Outperformance to core drives earnings beat

Well-placed to outperform industry growth

* Motherson Wiring’s (MSUMI) Q4 earnings were ahead of estimates, primarily driven by better-than-expected revenue growth. Its three new greenfields are well on track and expected to help MSUMI outperform industry growth in the next couple of years.

* Given the better-than-expected performance in Q4 and steady ramp-up at its greenfields, we have raised our estimates by 3%/5% for FY26E/FY27E. We believe MSUMI deserves rich valuations, given its strong competitive positioning, top-decile capital efficiency, and benefits of EVs and other mega-trends in autos. Reiterate BUY with a TP of INR68 (premised on 34x FY27E EPS).

 

Earnings beat largely driven by better-than-expected revenue growth

* MSUMI’s Q4 earnings were ahead of estimates, primarily driven by betterthan-expected revenue growth.

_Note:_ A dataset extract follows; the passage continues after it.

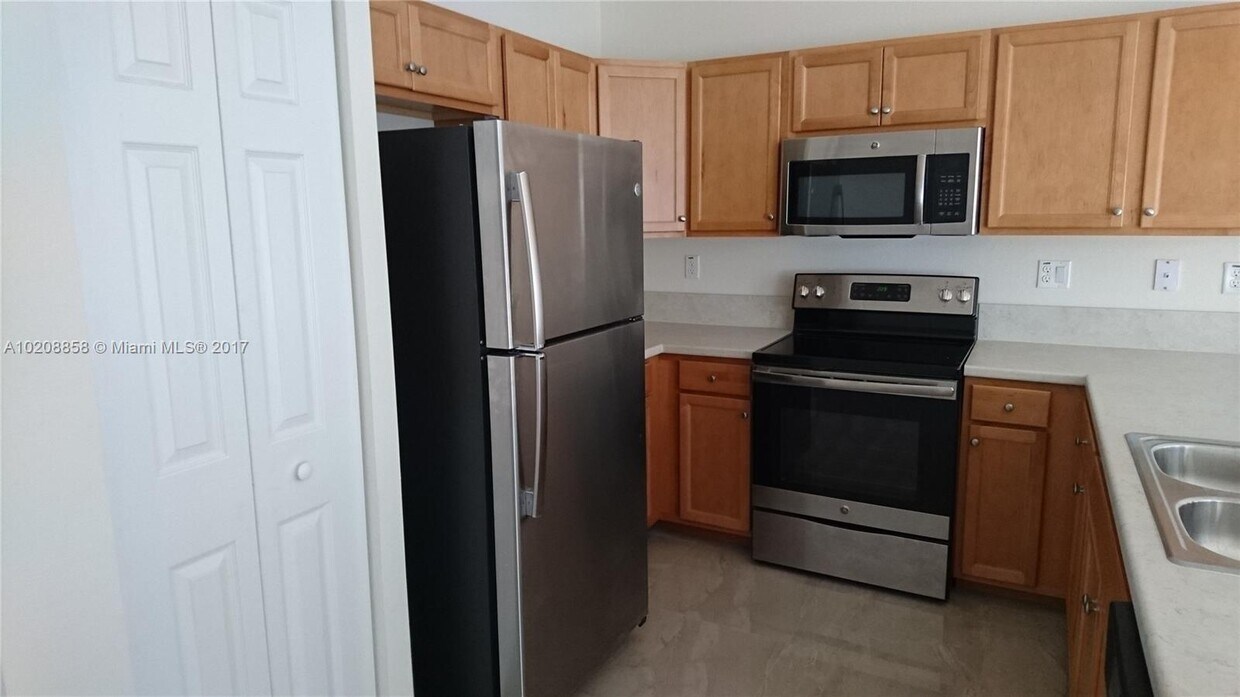 Building Photo - 9246 W 33rd Ln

* Revenue grew 12% YoY to INR25.1b vs our estimate of INR23.5b. This compares to the PV industry’s growth of just 5% YoY. The revenue growth was likely supported by copper inflation, which rose 15% YoY.

* EBITDA margins contracted 220bp YoY to 10.8% (+50bp QoQ and ahead of our estimate of 10.5%), largely due to the impact of start-up costs of its three new greenfields. Adjusted for the same, its margins would have been 12.4%.

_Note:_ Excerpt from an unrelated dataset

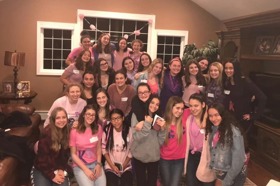 Group of people celebrating on stage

* Overall, PAT declined 14% YoY to INR1.65b (ahead of our estimate of INR1.5b). Adjusted for the impact of start-up costs, PAT would have been flat YoY at INR1.9b.

* For FY25, MSUMI posted 12% revenue growth to INR93b. This compares to the PV industry growth of 3% posted this year.

* Revenue mix for FY25: PVs: 61%, CV: 10%, 2Ws: 13%, off road: 7%, and others: 9%.

* EBITDA margin contracted 150bp YoY to 10.7% due to the impact of start-up costs. Adjusted for this, margins would have been flat YoY at 12.3%.

* Overall, reported PAT declined 5% YoY to INR6.1b. Adjusted PAT stood at INR7.1b, up 11% YoY.

* RoCE for FY25 remained healthy at 41.4%. ? MSUMI delivered FCF of INR1.9b in FY25.

 

Highlights from the management commentary

* MSUMI is progressing through various stages of completion for three new greenfields: 1) Pune plant – SOP for EV + ICE plant commenced in Q2FY25, while the EV-only plant began operations in 4QFY25; 2) Navagam (Gujarat) plant – SOP for the EV-only plant is expected by 1QFY26, followed by the EV + ICE plant by Q2FY26; 3) SOP for the Karkhoda plant is scheduled for Q2FY26.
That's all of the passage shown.